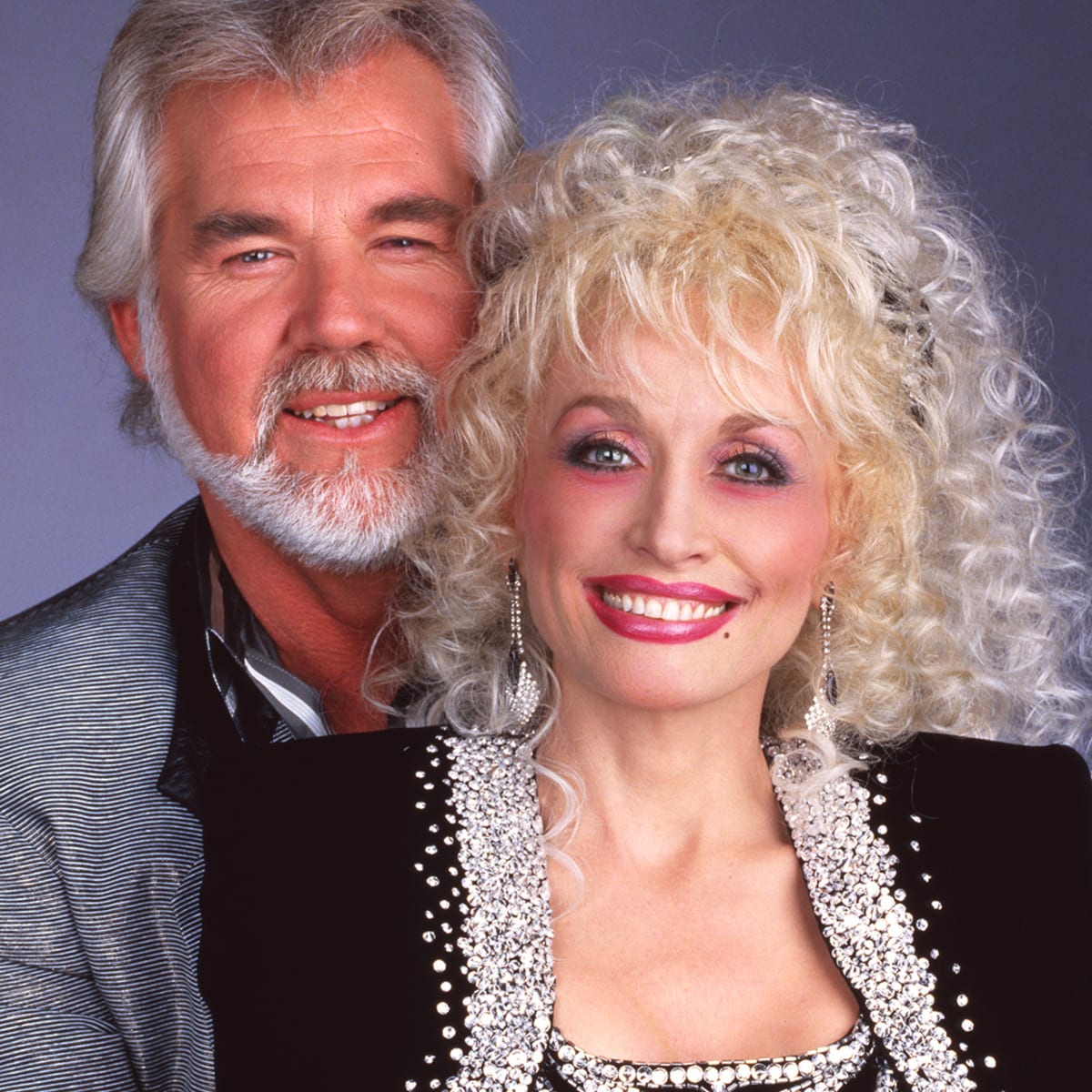 #NP @DollyParton & Kenny Rogers - The greatest gift of all #KBCweekende...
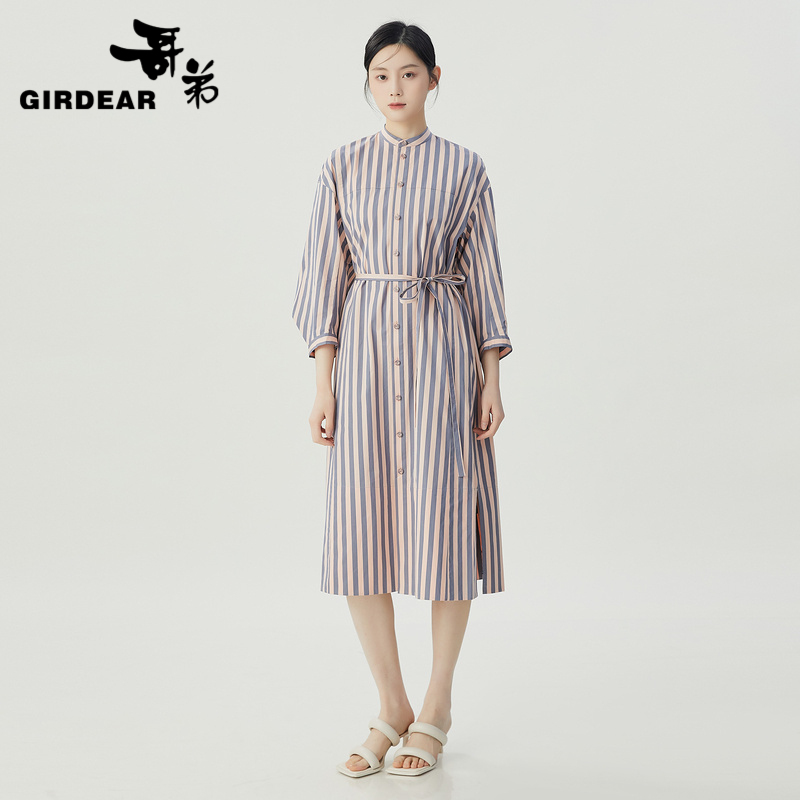 深呼吸女装正品相册图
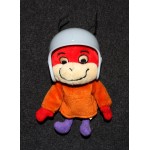 Warner Bros WB Store 1998 Plush Hanna Barbera Atom Ant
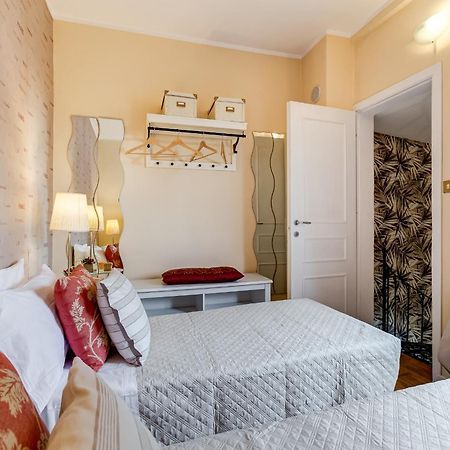 Piazza Di Spagna Fantastic Apartment Roma Exterior foto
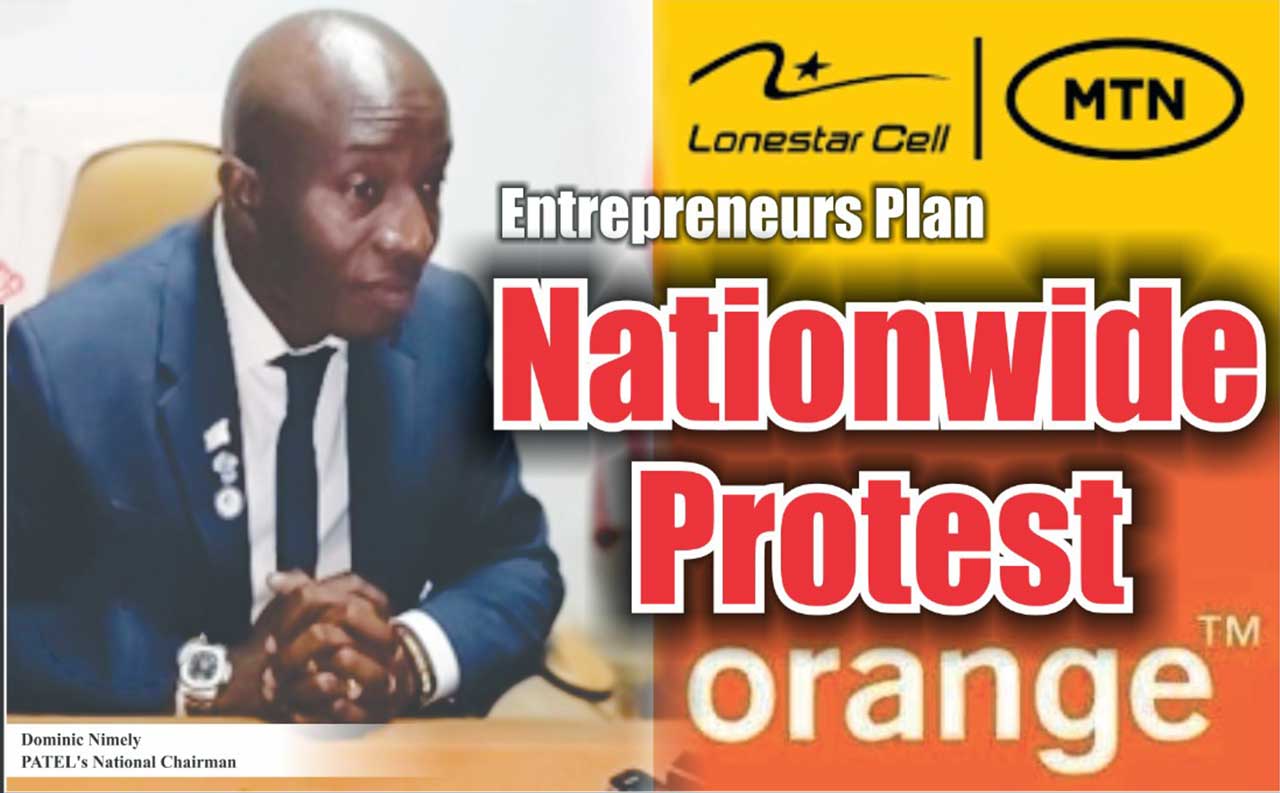 Entrepreneurs-Plan-Nationwide-Protest
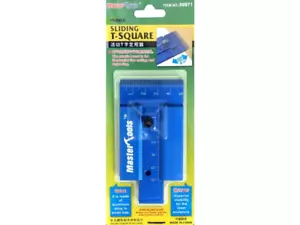 Master Tools Sliding T-Square, #TRT09971 - Picture 1 of 1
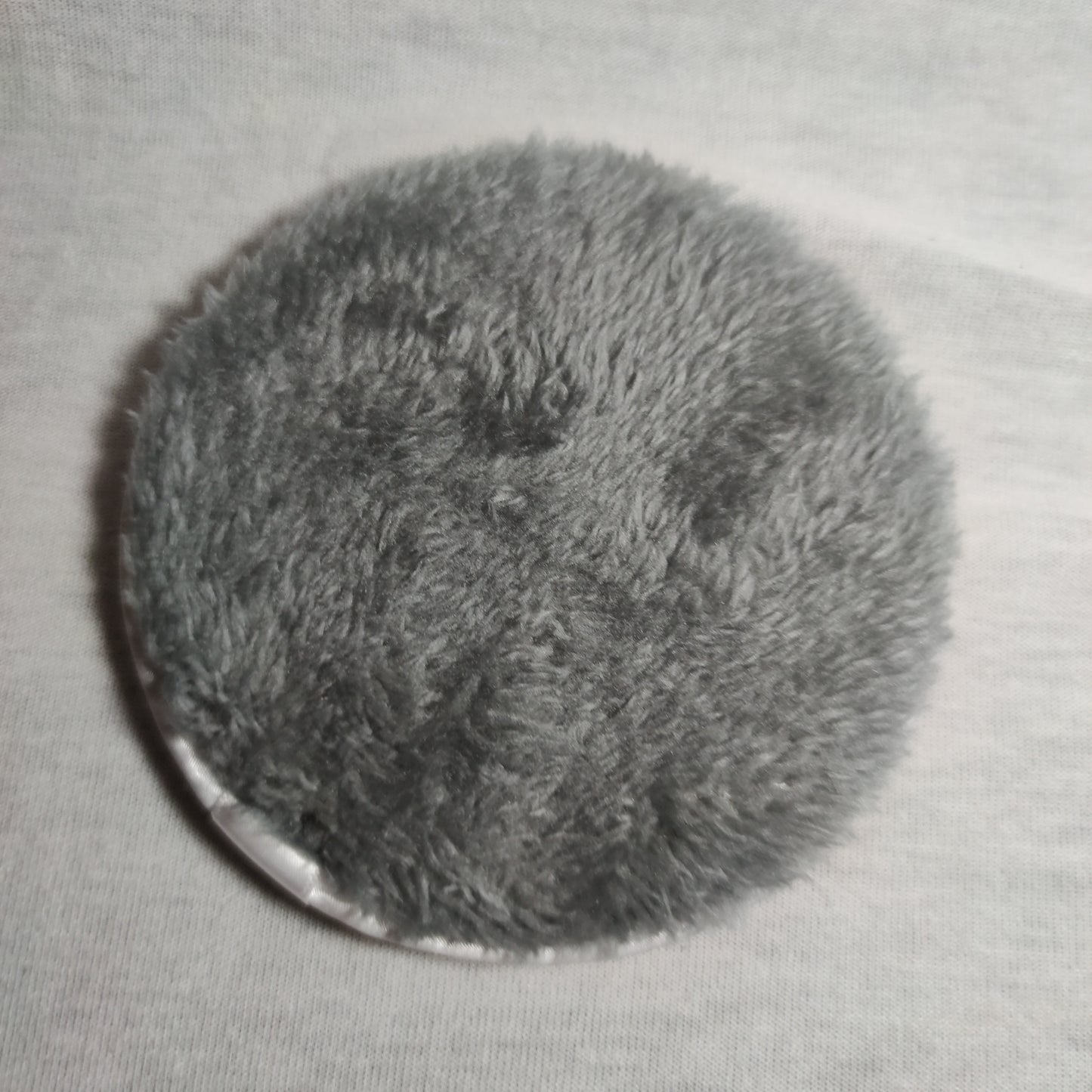 Éponge démaquillante réutilisable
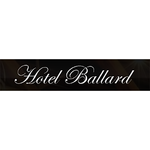 Photo taken at Hotel Ballard by Yext Y. on 7/1/2016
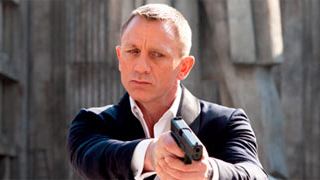 'Skyfall': Daniel Craig se enfrenta a Javier Bardem en la nueva película de James Bond... ¡¡Fotos nuevas!!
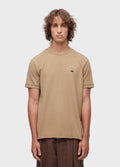 T-SHIRT COROA RUSTIC CONTRAST SEAM MC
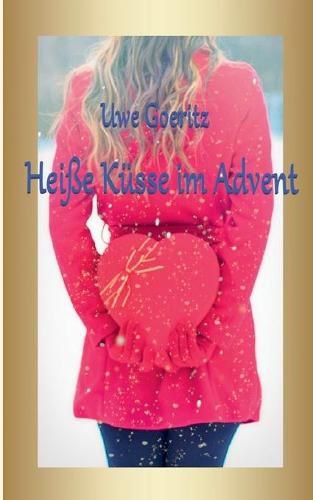 Cover image for Heisse Kusse im Advent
____
:: Activity ::
What you write out is the stretch of entries from the line containing "Warner Bros WB" to the line containing "Bond... ¡¡Fotos nuevas!!", word for word, with both end lines and no pictures.

:: Response to this task ::
 Warner Bros WB Store 1998 Plush Hanna Barbera Atom Ant
 Piazza Di Spagna Fantastic Apartment Roma Exterior foto
 Entrepreneurs-Plan-Nationwide-Protest
 Master Tools Sliding T-Square, #TRT09971 - Picture 1 of 1
 Éponge démaquillante réutilisable
 Photo taken at Hotel Ballard by Yext Y. on 7/1/2016
 'Skyfall': Daniel Craig se enfrenta a Javier Bardem en la nueva película de James Bond... ¡¡Fotos nuevas!!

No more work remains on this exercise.